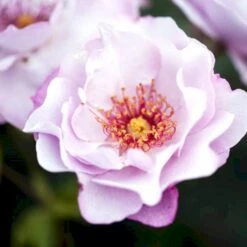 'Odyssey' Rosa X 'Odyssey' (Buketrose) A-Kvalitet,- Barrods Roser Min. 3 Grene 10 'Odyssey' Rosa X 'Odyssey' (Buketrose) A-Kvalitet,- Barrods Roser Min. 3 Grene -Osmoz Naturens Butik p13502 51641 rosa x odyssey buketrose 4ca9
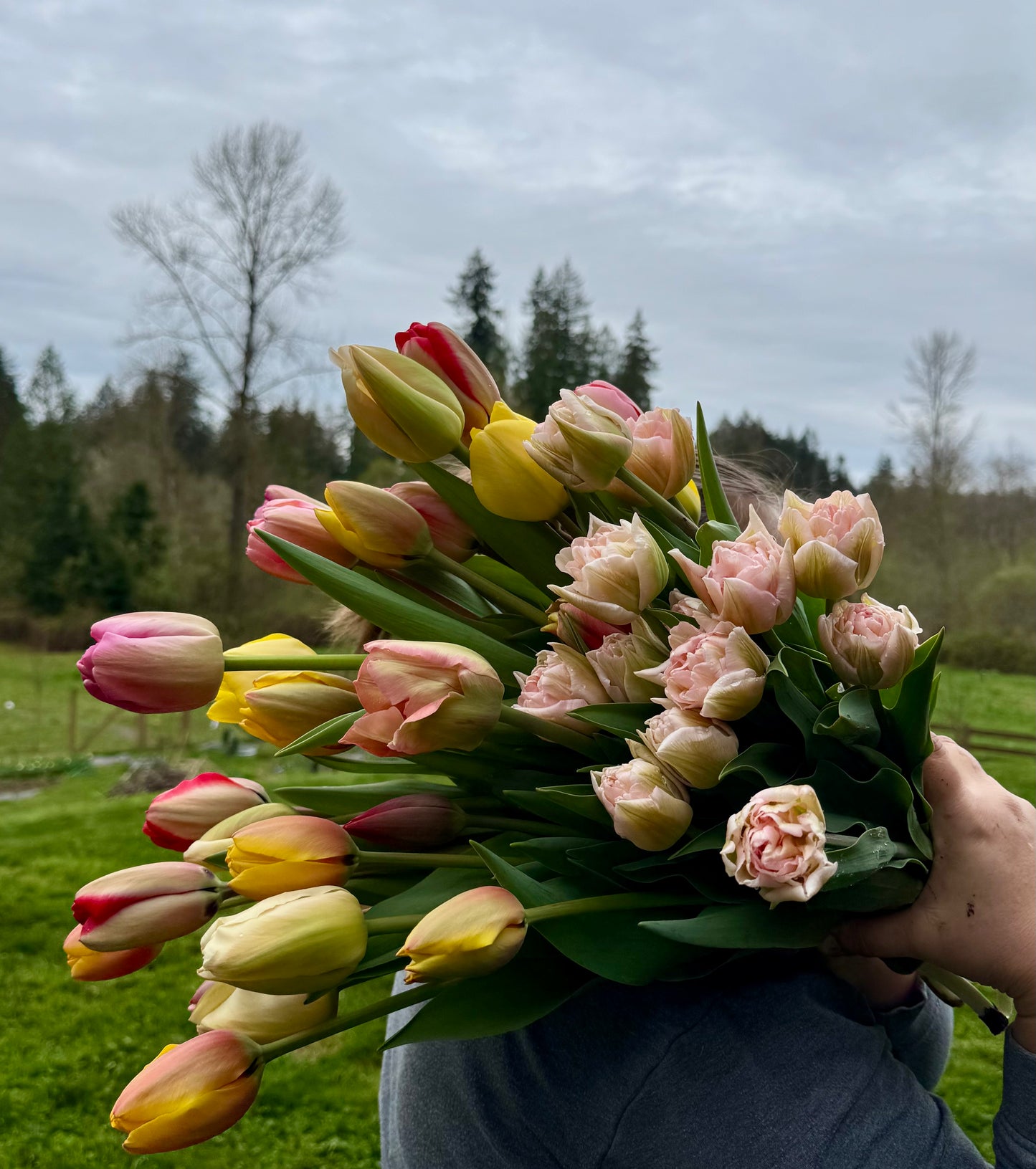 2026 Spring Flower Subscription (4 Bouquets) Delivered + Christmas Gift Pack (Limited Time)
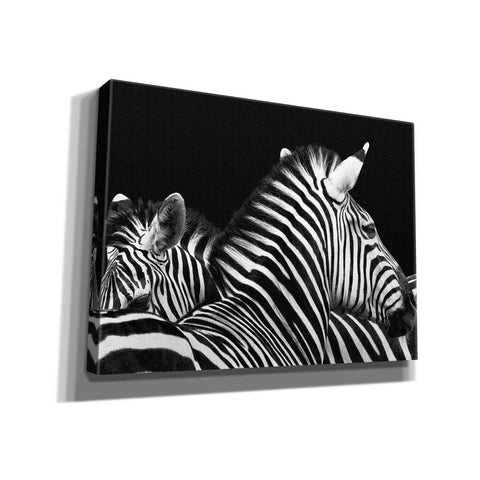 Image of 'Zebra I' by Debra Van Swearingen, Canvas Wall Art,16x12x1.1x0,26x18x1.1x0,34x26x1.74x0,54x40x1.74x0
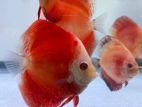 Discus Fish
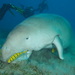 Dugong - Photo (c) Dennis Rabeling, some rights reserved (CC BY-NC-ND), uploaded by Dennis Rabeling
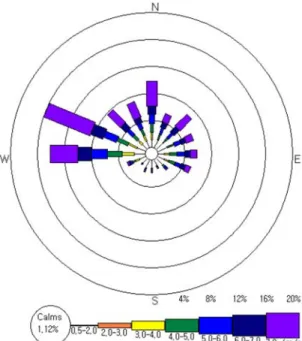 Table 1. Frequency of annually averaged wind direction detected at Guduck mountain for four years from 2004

------------

Would you please transcribe the listing in full, exactly, while omitting the images?

 'Odyssey' Rosa X 'Odyssey' (Buketrose) A-Kvalitet,- Barrods Roser Min. 3 Grene 10 'Odyssey' Rosa X 'Odyssey' (Buketrose) A-Kvalitet,- Barrods Roser Min. 3 Grene -Osmoz Naturens Butik p13502 51641 rosa x odyssey buketrose 4ca9
 2026 Spring Flower Subscription (4 Bouquets) Delivered + Christmas Gift Pack (Limited Time)
 Image of 'Zebra I' by Debra Van Swearingen, Canvas Wall Art,16x12x1.1x0,26x18x1.1x0,34x26x1.74x0,54x40x1.74x0
 Discus Fish
 Dugong - Photo (c) Dennis Rabeling, some rights reserved (CC BY-NC-ND), uploaded by Dennis Rabeling
 Table 1. Frequency of annually averaged wind direction detected at Guduck mountain for four years from 2004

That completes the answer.